Susumu Kamijo discovered these animals – their entire world and extravagant codes – in dog competitions. The clearly show pet dog is a symbol of artifice and eccentricity (from its habits to its coat), and the splendor of canine competitions is at periods reminiscent of the fashion planet: the subtle poses of Kamijo’s types, their caricatural looks and equipment – firmly placing the puppy on the aspect of lifestyle in the perennial mother nature/lifestyle discussion – are bolstered by bold color palettes that resemble style journal addresses. In these imagined portraits, the puppies are posing, haughty like Ingres’ bourgeois with the status of Tamara de Lempicka’s elites.
Kamijo’s poodles are no extended searching companions – tamed and tailored – nor are they the distinguished components in portraits. In his work, the poodle turns into a clever machine, a motif reminding us that Kamijo’s subject is to start with and foremost painting alone. It is a traditional strategy. Commencing with a familiar element, he reproduces it tirelessly to the issue that it results in being automated, a sign-up of forms and sizes requiring instinct to establish the arrangement of colors and its visible consequences. To a little misquote Maurice Denis, “remember that a portray, before staying a poodle, is effectively a flat surface protected with hues assembled in a particular buy.”
As a painter, Susumu Kamijo revives some of the explorations that led portray to the frontiers of abstraction, these as simultaneous contrasts of varieties and designs of colour. In the historical past of summary portray, a motif was typically pushed to its figurative limitations, and Kamijo’s poodles appeared until eventually lately to observe in the footsteps of Piet Mondrian’s Flowering Apple Tree or Jawlensky’s Mystical Heads. Nonetheless Kamijo’s latest series also moves in yet another way, as it does not renounce figuration, striving for far more complexity and psychology.
Even although the figures’ faces and mouths continue being stoic, one particular is tempted to see a type of anthropomorphism. Kamijo introduces this psychological dimension by experimenting with minimalist but acquainted environments with objects this sort of as a vase or an animal cranium, which, for the artist, evoke museum displays. An open window or a portray inside of a portray switch the surroundings into a reassuring motif. Delving into the depths of the graphic, he divides the composition into regular legible planes in which he sites his creatures, an in-between, maintaining the viewers at a length when also inviting near observation.
This ease and comfort of the domestic natural environment is a critical element in his most current explorations the dwelling area that humanizes his designs is influenced by Francis Bacon, and, as in some of Henri Matisse’s paintings, the figure merges with the décor to generate a harmony of composition and a poetry of the daily. This intrusion of element, precise and highly effective, is also a homage to the Japanese filmmaker Yasujiro Ozu, referencing his incredible indoor shots with their intentionally minimal and persistent angles, celebrating each day daily life by locating natural beauty in the banal and philosophically revealing times of lifestyle punctuated by the frames of doors and windows.

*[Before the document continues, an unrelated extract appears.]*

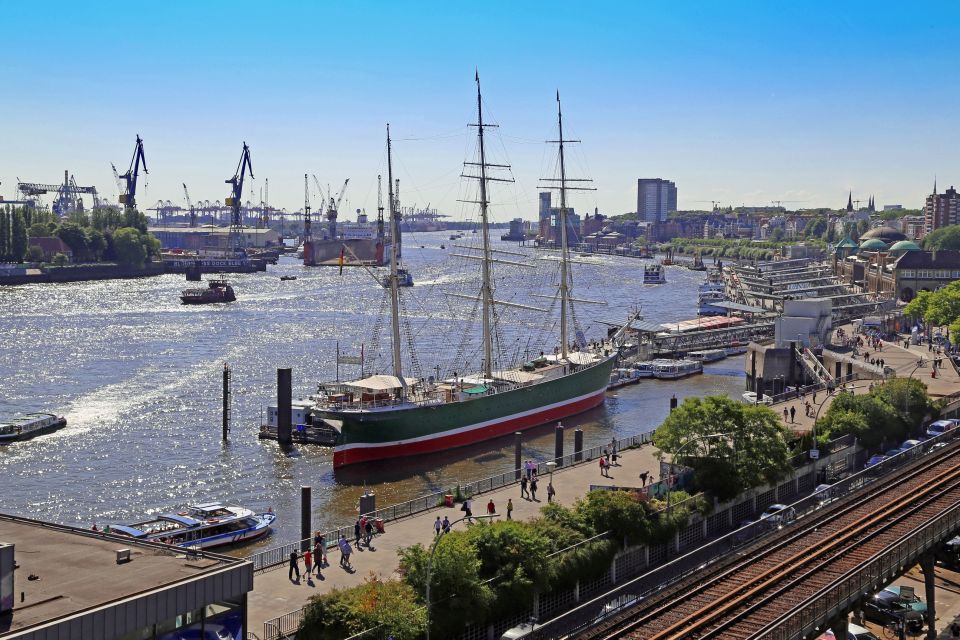 Hamburg: RICKMER RICKMERS Museum Entry Ticket - Panoramic Skyline Views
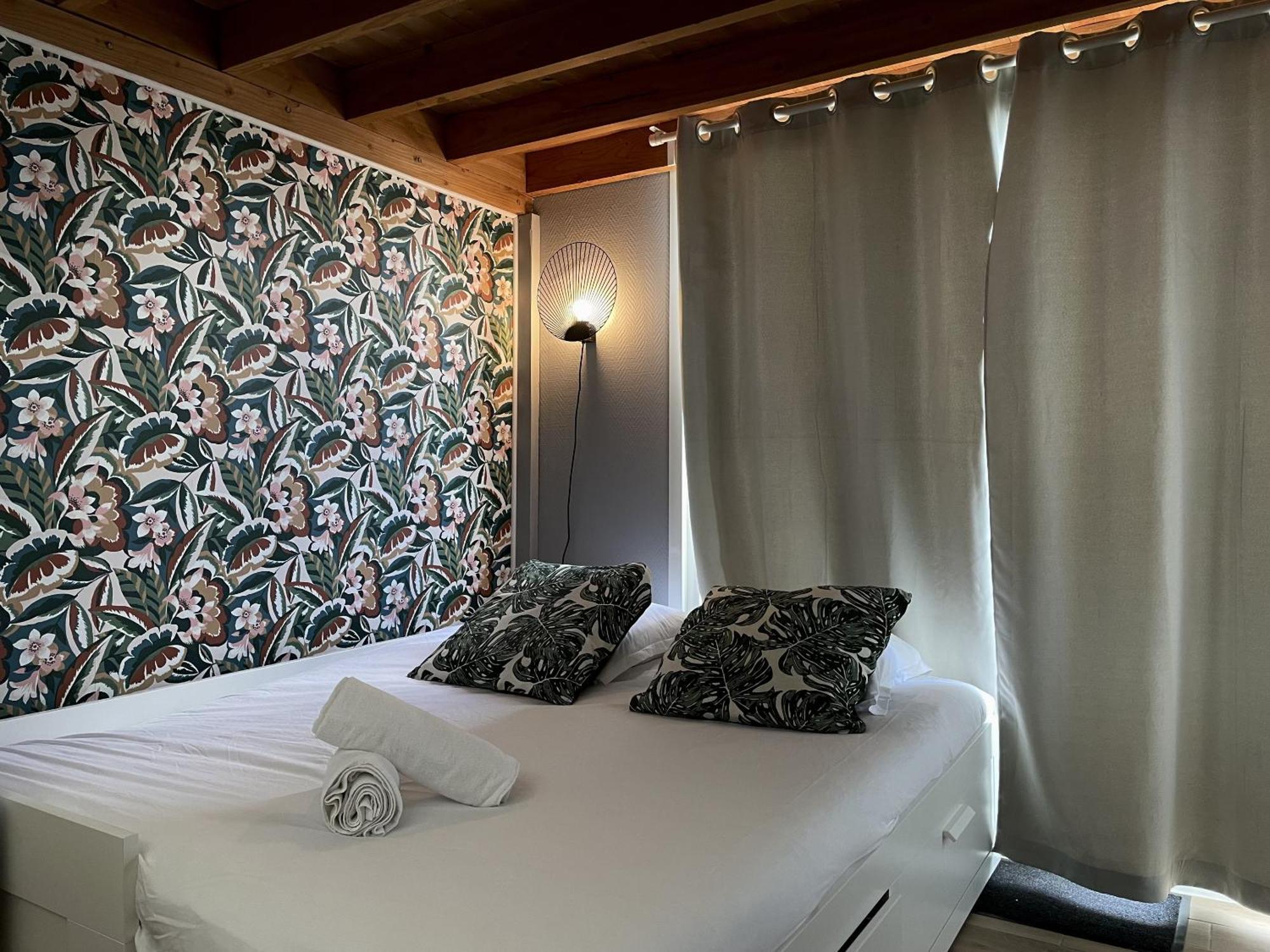 Apartamento L'Aristide Calais Exterior foto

Even even though he acknowledges the great importance of classical portray and its masters, Susumu Kamijo’s apply are unable to be restricted to these traditions. The paintings have to be taken for what they are, hallucinatory portraits of poodles that intentionally enjoy with the conventions of portraiture, amongst homage and mischief, mainly because immediately after all, as he statements: “Life doesn’t make sense. Just stay playfully. That’s my way of working with daily life.”